HPC Cloud traces for better cloud service reliability
Download dataset
This dataset includes system metrics (anonymised) such as CPU and memory utilisation, as well as hard drive metrics from SMART (Self-Monitoring, Analysis, and Reporting Technology), collected from more than 100 cloud servers and is used in our editor's choice study “A Combined System Metrics Approach to Cloud Service Reliability Using Artificial Intelligence”. If you use this dataset in your study, please cite [1, 2].
[1]. Chhetri, T.R., Dehury, C.K., Lind, A., Srirama, S.N. and Fensel, A., 2022. A Combined System Metrics Approach to Cloud Service Reliability Using Artificial Intelligence. Big Data and Cognitive Computing, 6(1), p.26.

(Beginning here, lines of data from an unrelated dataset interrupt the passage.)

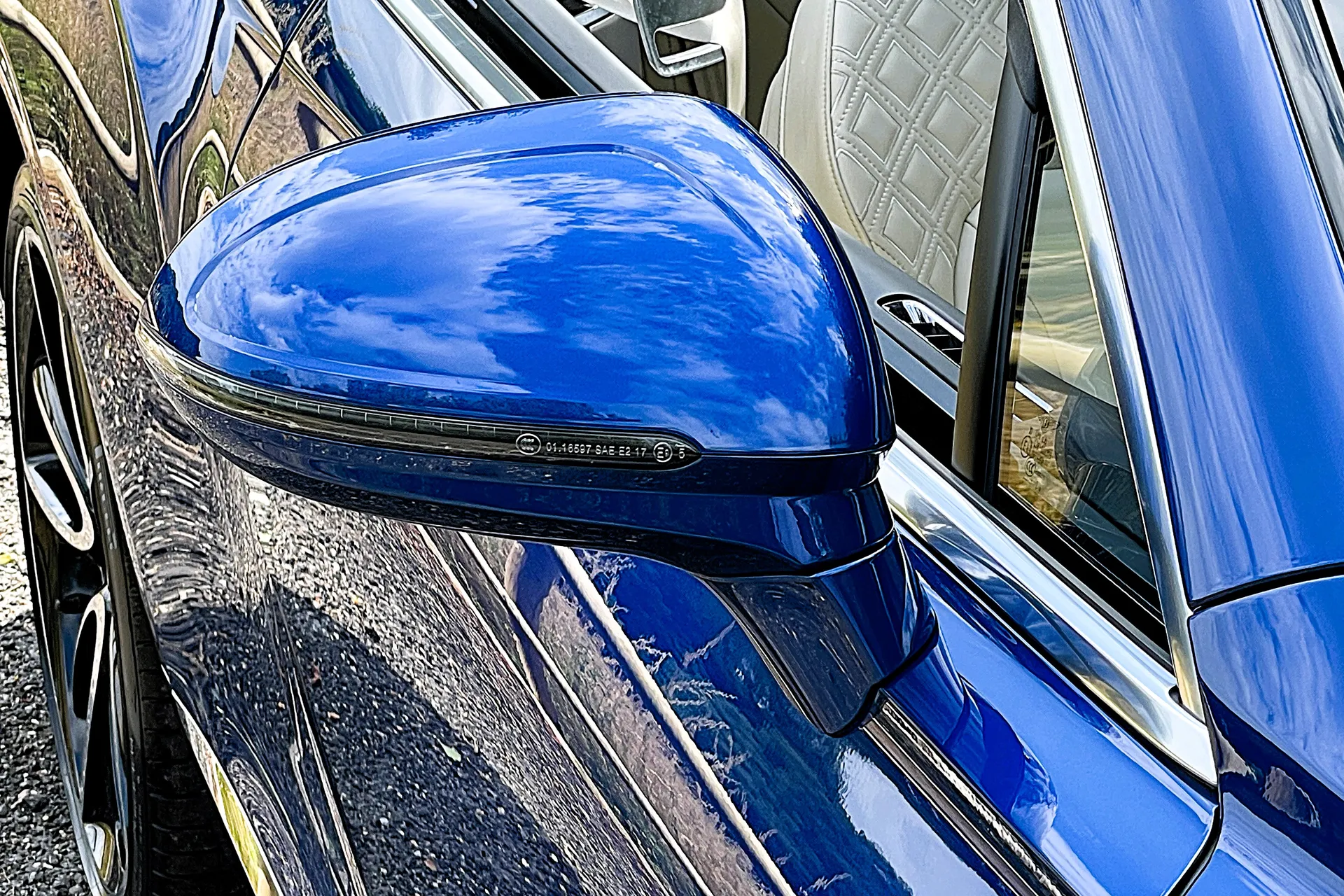 Bentley CONTINENTAL GTC thumbnail image number 62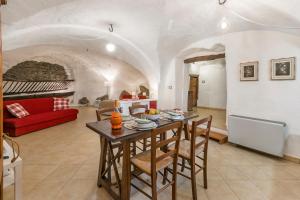 Una cocina y una sala de estar con mesa y sillas. en La Casetta Del Borgo - Happy Rentals, en Usseaux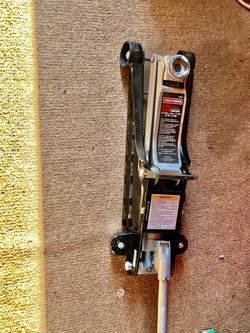 Craftsman 2½-ton Low-Profile Floor Jack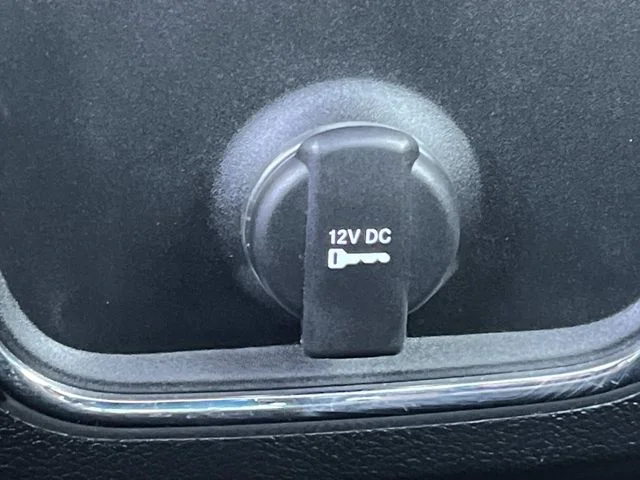 Used 2013 Silver Dodge SXT image 19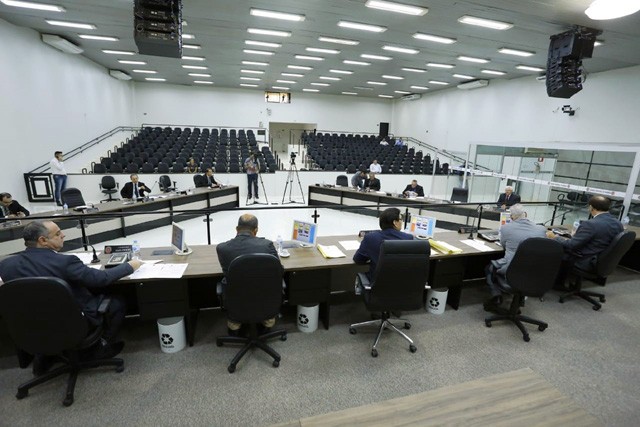 Vereadores também opinaram sobre o corte em salários do setor público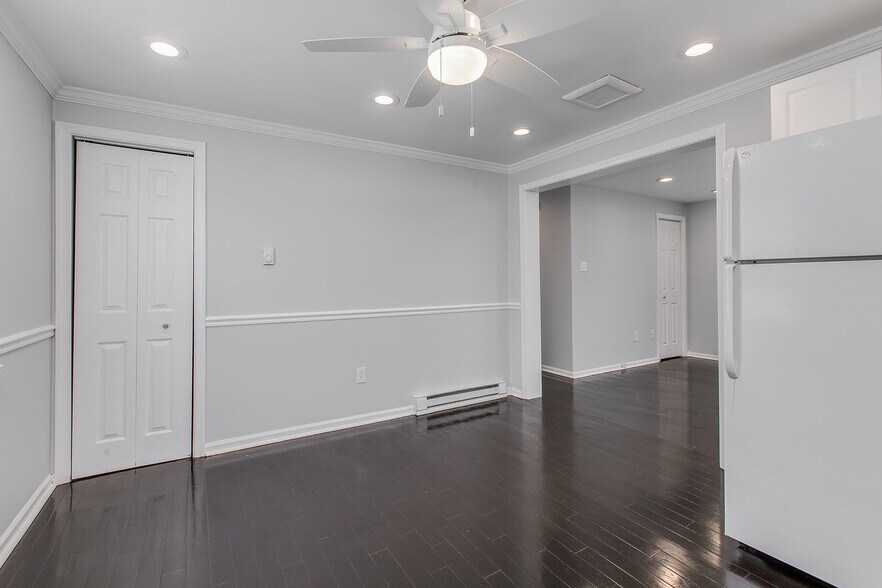 Building Photo - 408 Sherman Ave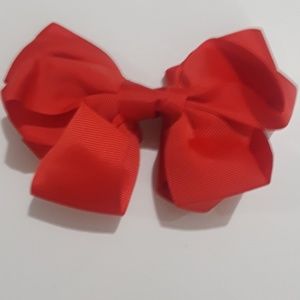 Hair bow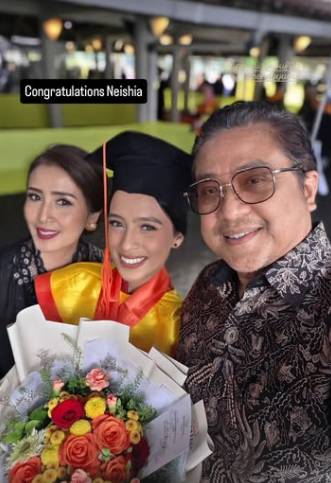 wisuda anak bungsu Dede Yusuf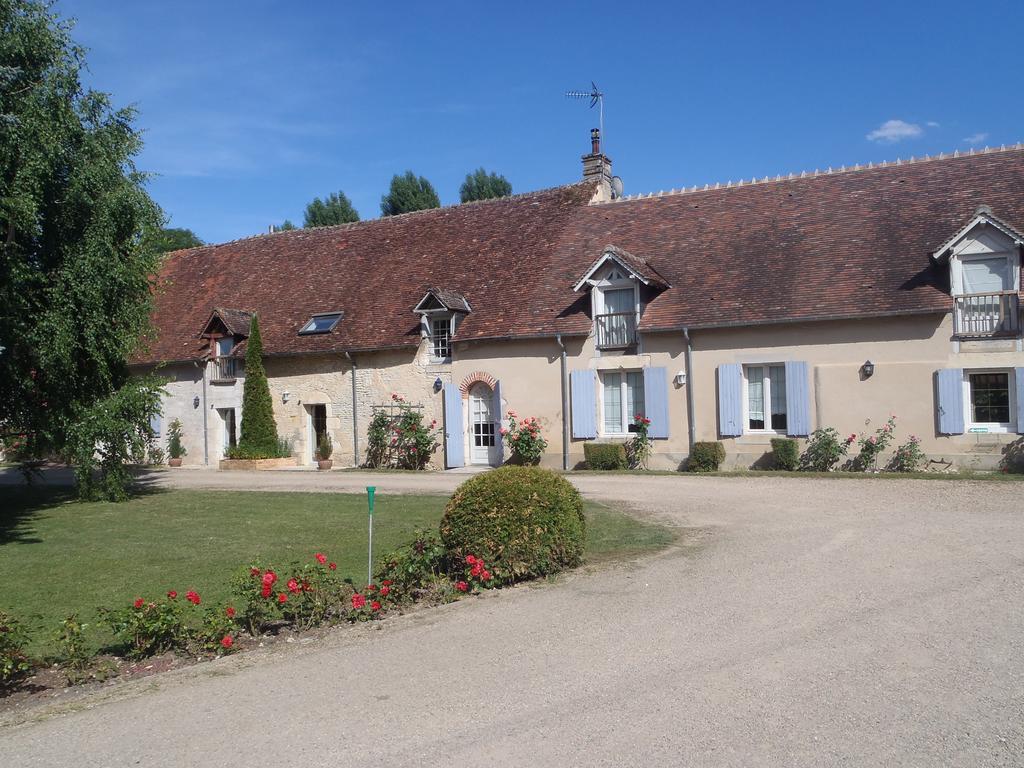 Chambres D'hôtes Du Domaine De Jacquelin Saint-Germain-du-Puy Exterior foto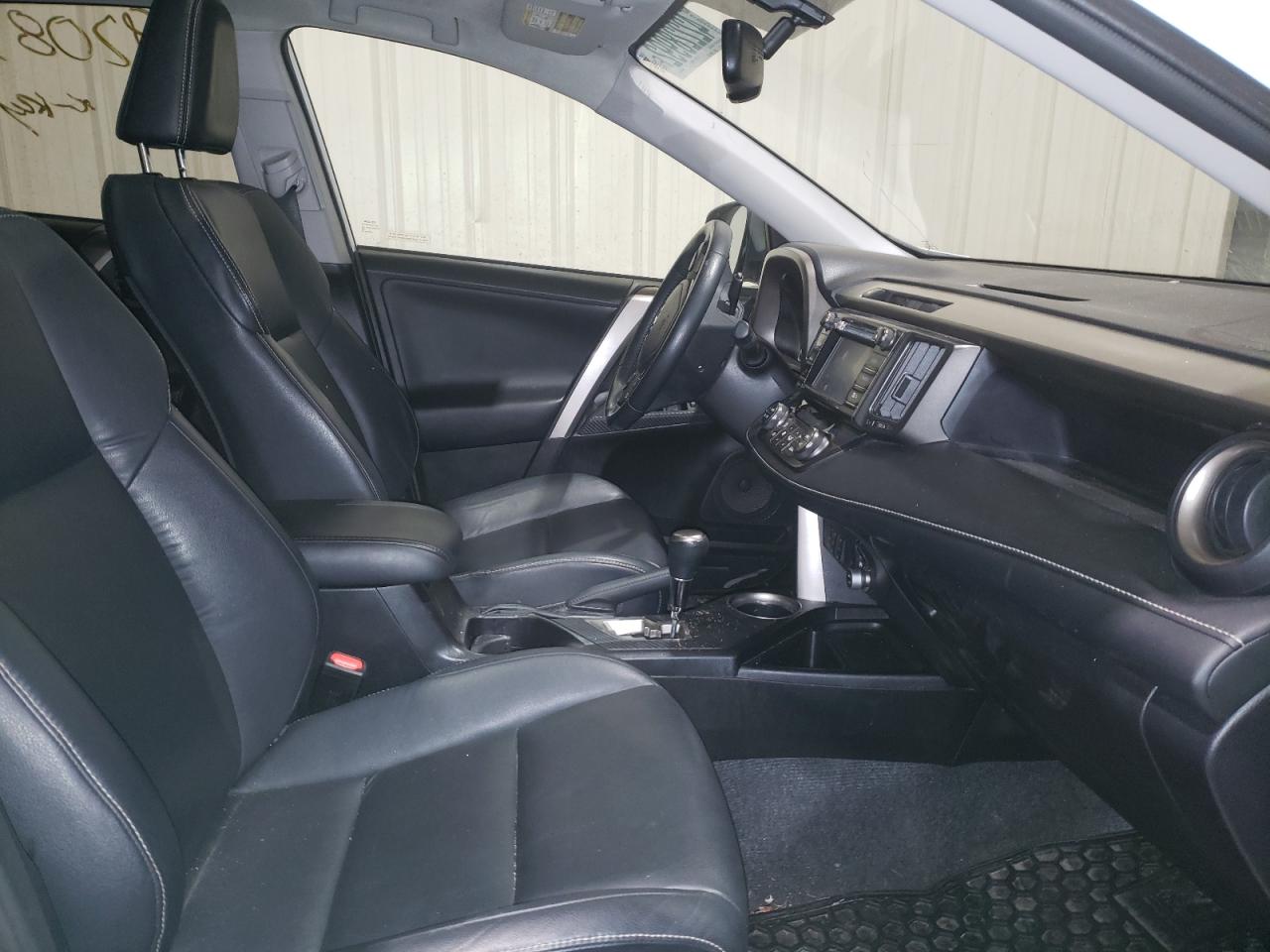 Photo 5 from auction – 2015 TOYOTA RAV4 LIMIT with VIN 2T3DFREV4FW247387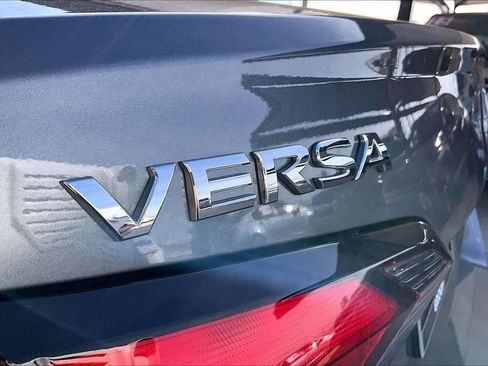 Used 2025 Nissan Versa S w/ Trunk Package image 9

[2]. Dehury, C.K., Chhetri, T.R., Lind, A., Srirama, S.N. and Fensel, A., 2021. HPC Cloud traces for better cloud service reliability.
The dataset contains 20 feature columns, details of which are provided in Table below.
Metrics name | Description |
CPU utilization | Host CPU usage in % |
Memory utilization | Memory usage in bytes |
IO utilization | IO usage in time |
Network overhead | Network usage in bytes |
Bits read | Data written out from disk in bytes |
Bits write | Data written into disk in bytes |
Smart 188 | Command time out |
Smart 197 | Current pending sector count |
Smart 198 | Uncorrectable sector count |
Smart 9 | Power-on hours |
Smart 1 | Read error Rate |
Smart 5 | Reallocated sectors count |
Smart 187 | Reported uncorrectable errors |
Smart 7 | Seek error rate |
Smart 3 | Spin up time |
Smart 4 | Start/stop count |
Smart 194 | Temperature |
Smart 199 | UltraDMA CRC error count |
Time | Timestamp |
id | Anonymised server |